Um einen vernünftigen Abschluss zwischen Kies und Rasen zu erhalten, werde ich noch sogenannte Rasenkantensteine bündig setzen (5cm breit) diese fallen kaum auf.

So, jetzt gehts weiter am Pflanzfilter...die Abdeckung muss noch gemauert werden, die Rohre verstecken (verkleiden), halte Euch weiter  auf dem laufenden.

Ps. Nochmals danke an alle, die sich mit dem Thema beschäftigt haben.


----------



## Thorsten (21. März 2005)

*grummel*...hab ich doch glatt die Draufsicht vergessen


----------



## Thorsten (26. März 2005)

Hallo @ all,

so, dass Seerosenbecken ist einen Schritt weiter...

Abdeckung ist gemauert, die erste Putzschicht ist aufgetragen.

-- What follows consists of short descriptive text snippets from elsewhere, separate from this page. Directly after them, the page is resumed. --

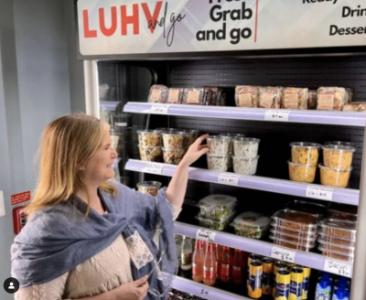 LUHV VEGAN DELI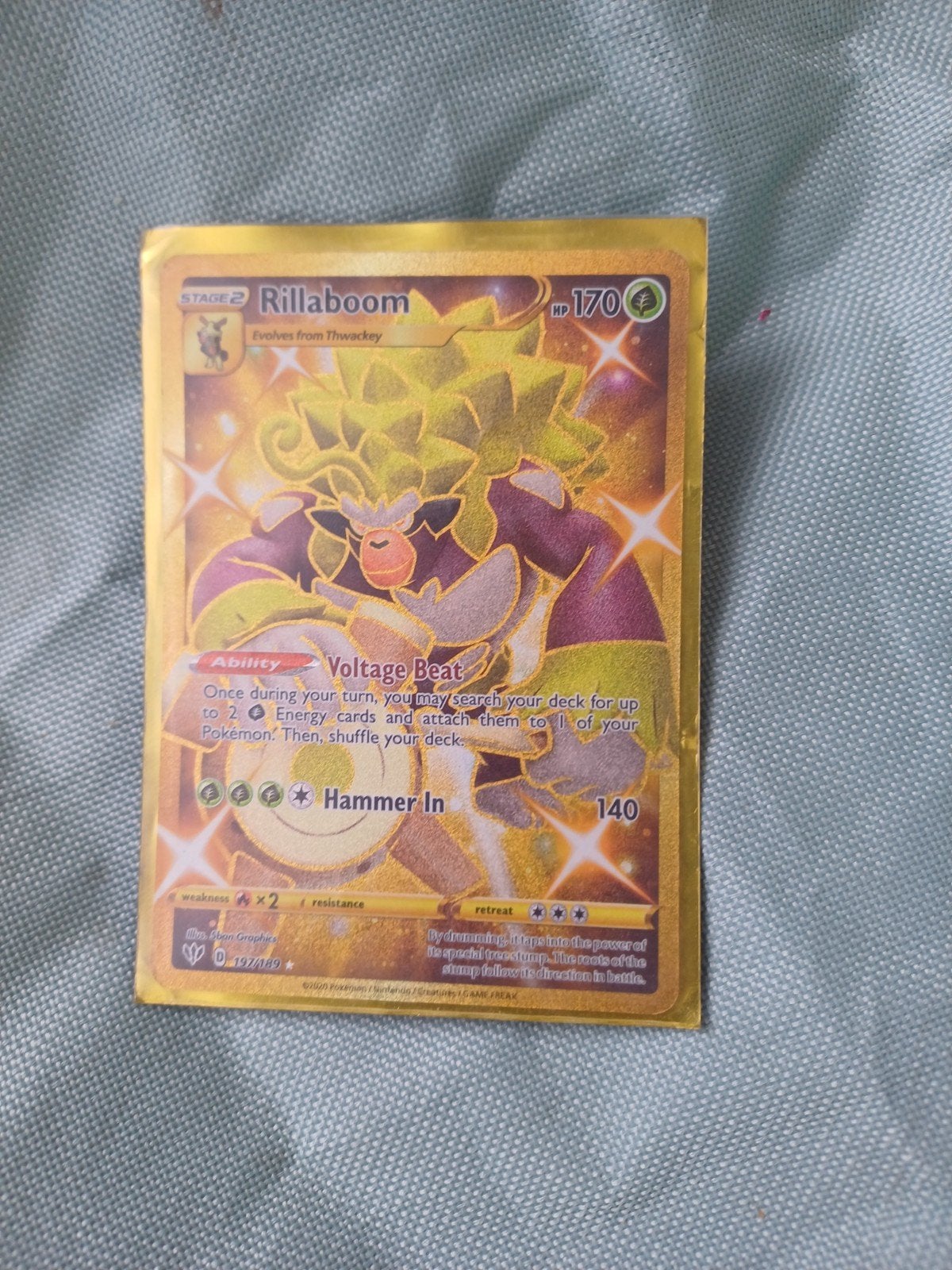 Pokémon Kaart Rillaboom VMAX Gold met Giratina Sleeve, Ophalen of Verzenden, Gebruikt, Losse kaart, Foil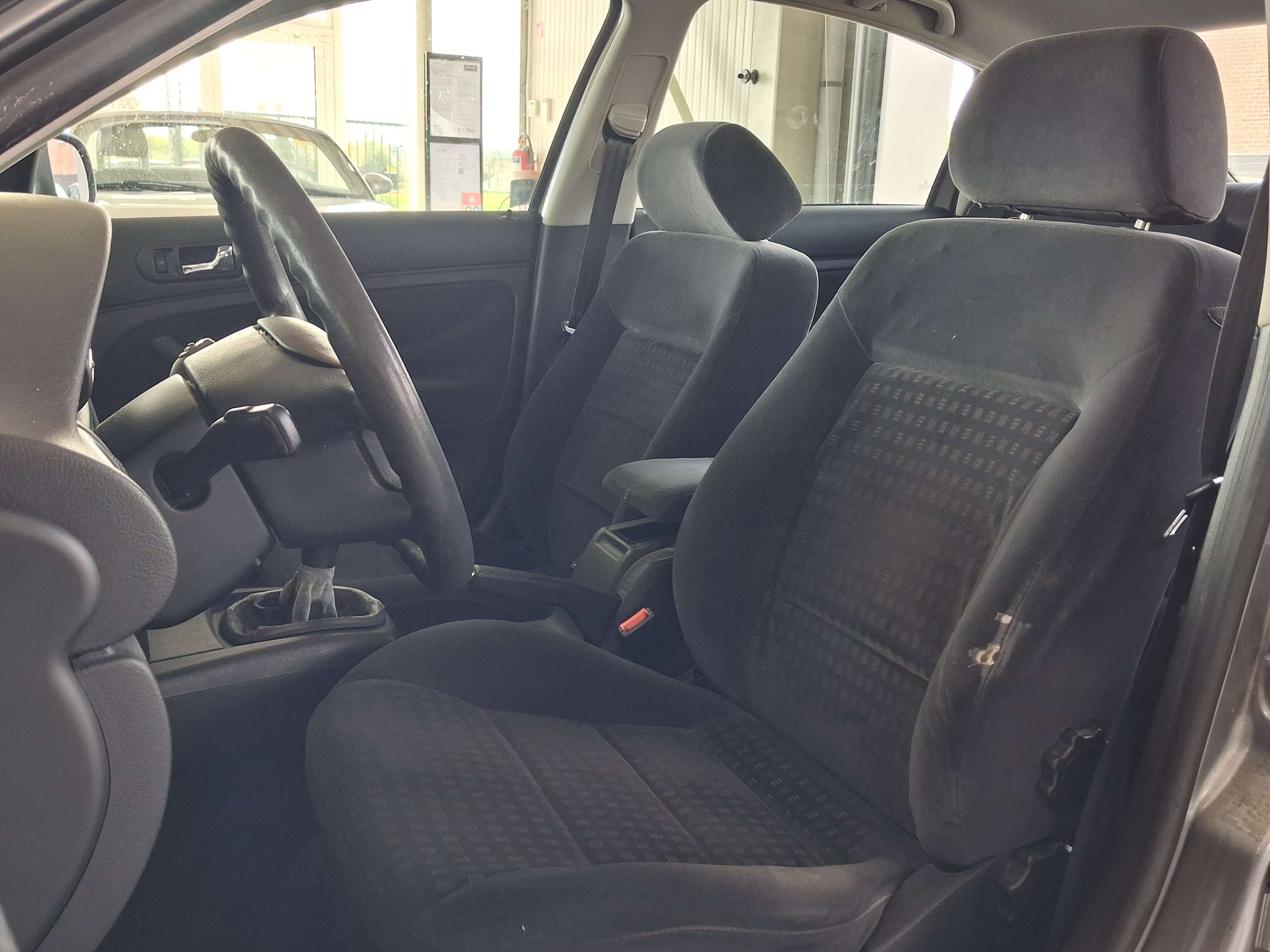 Volkswagen Passat 1.6i Comfortline/EXPORT/PERTE D EAU /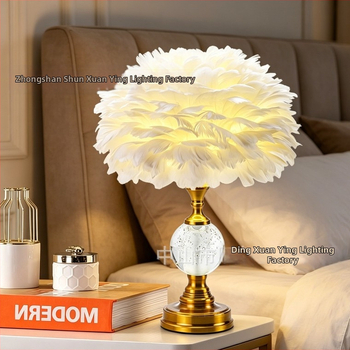 Stojaca lampa Nordic Feather do spálne – ambientné svetlo, dizajn s pierkami, dekoračná lampa pri posteli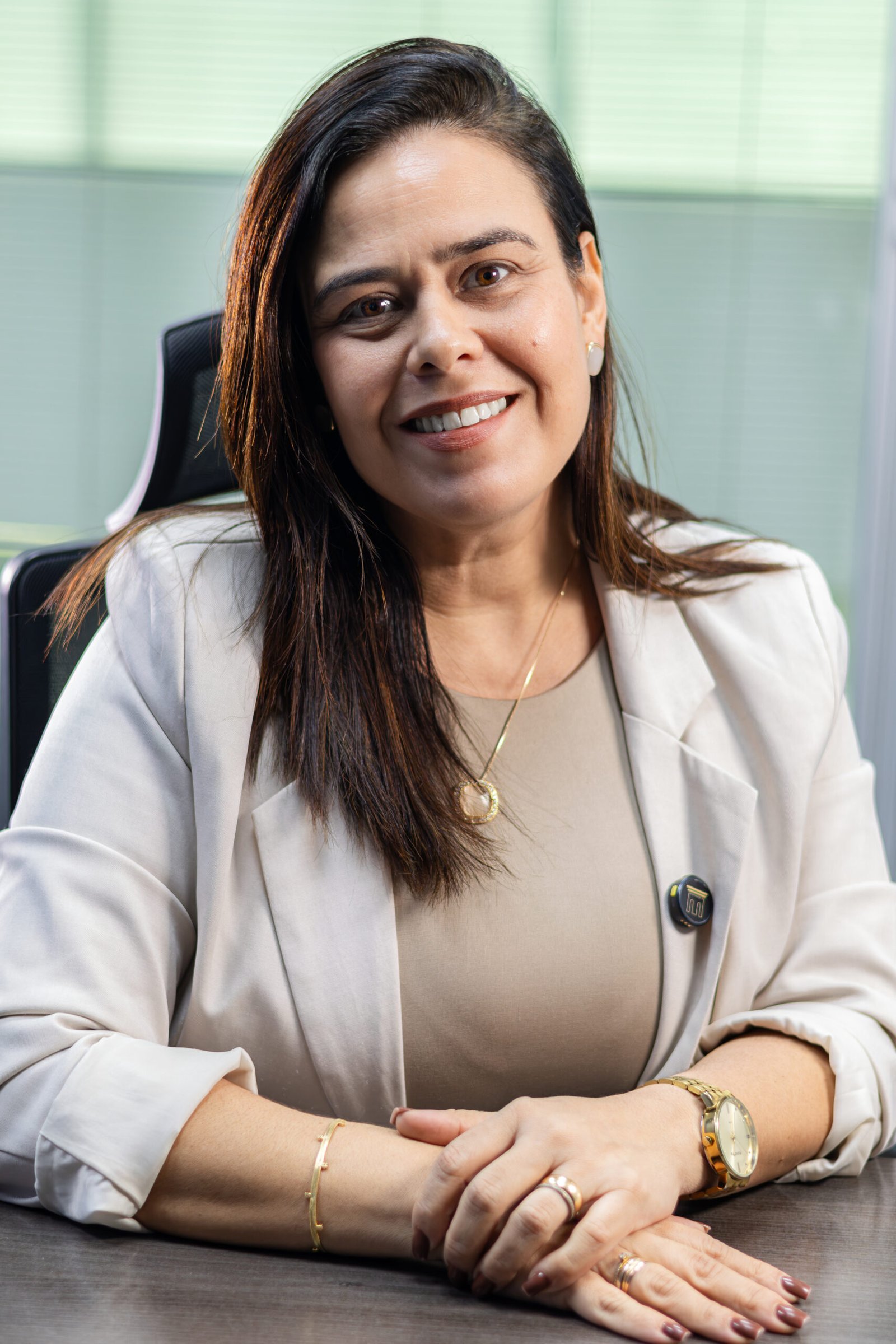 Autora do Empresário Imune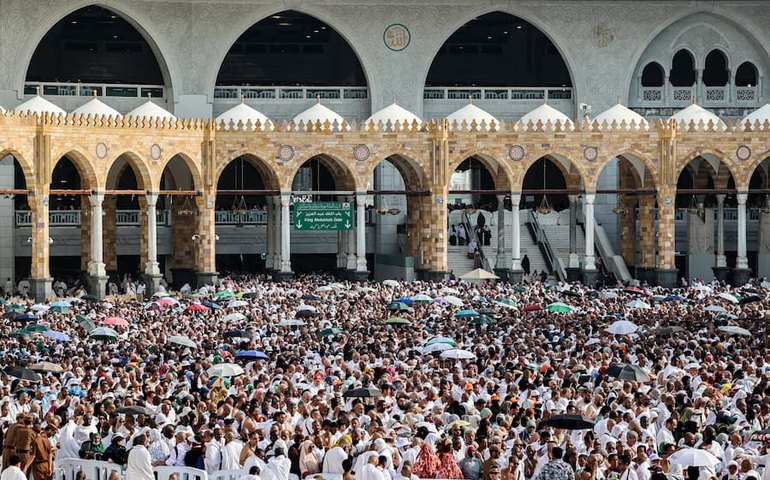 Arábia Saudita afirma ter expulsado mais de 300 mil peregrinos clandestinos de Meca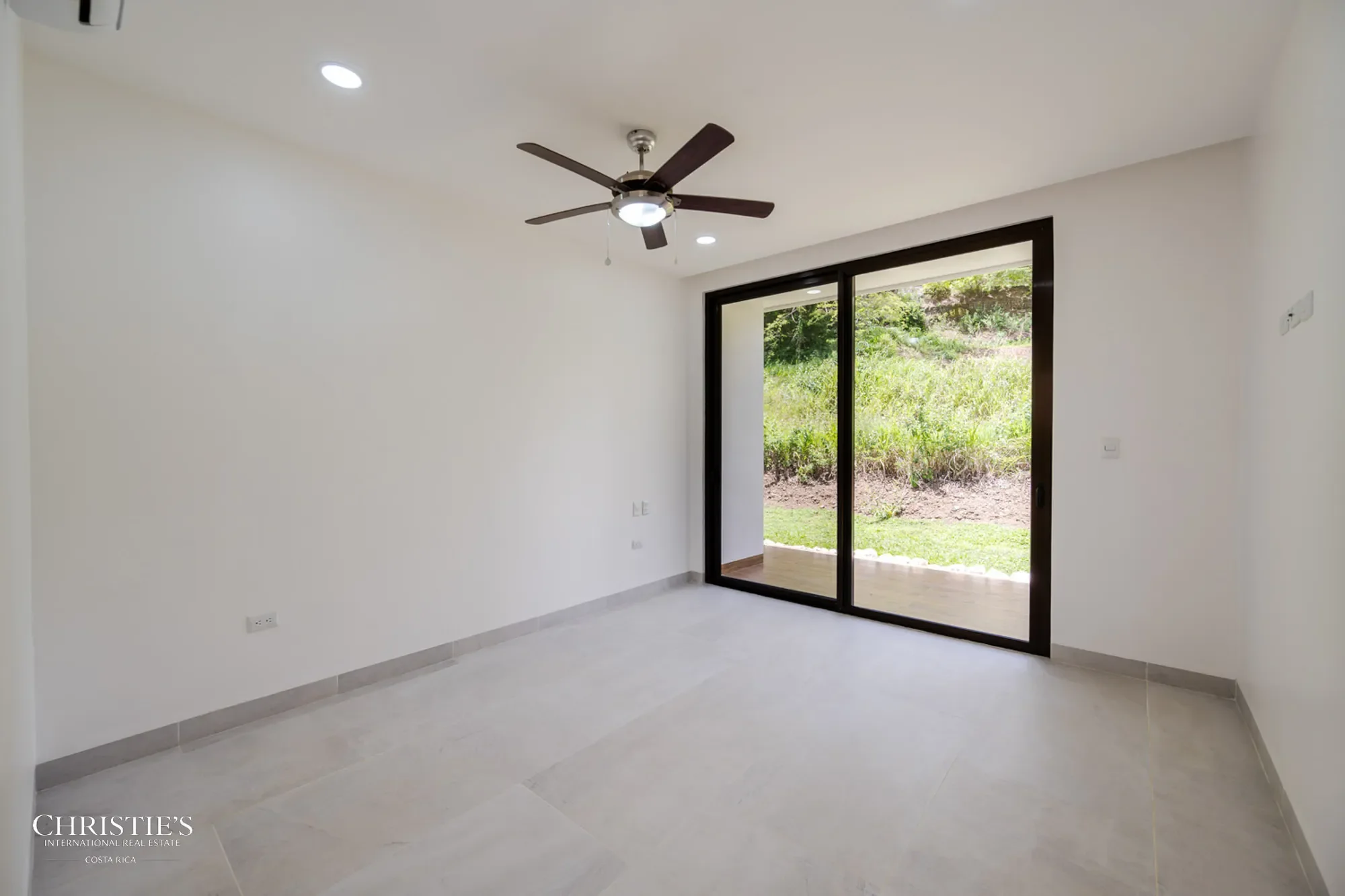 Gallery photo 5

Der Pflanzfilter hat ebenfalls seine Abdeckung erhalten...






so langsam wirds...


----------



## karsten. (26. März 2005)

*re*

ICH seh immer noch Folie ! :?     8)  :razz:


----------



## Thorsten (26. März 2005)

kommt noch,kommt noch ...warten wir noch zwei Wochen ab  :razz:


----------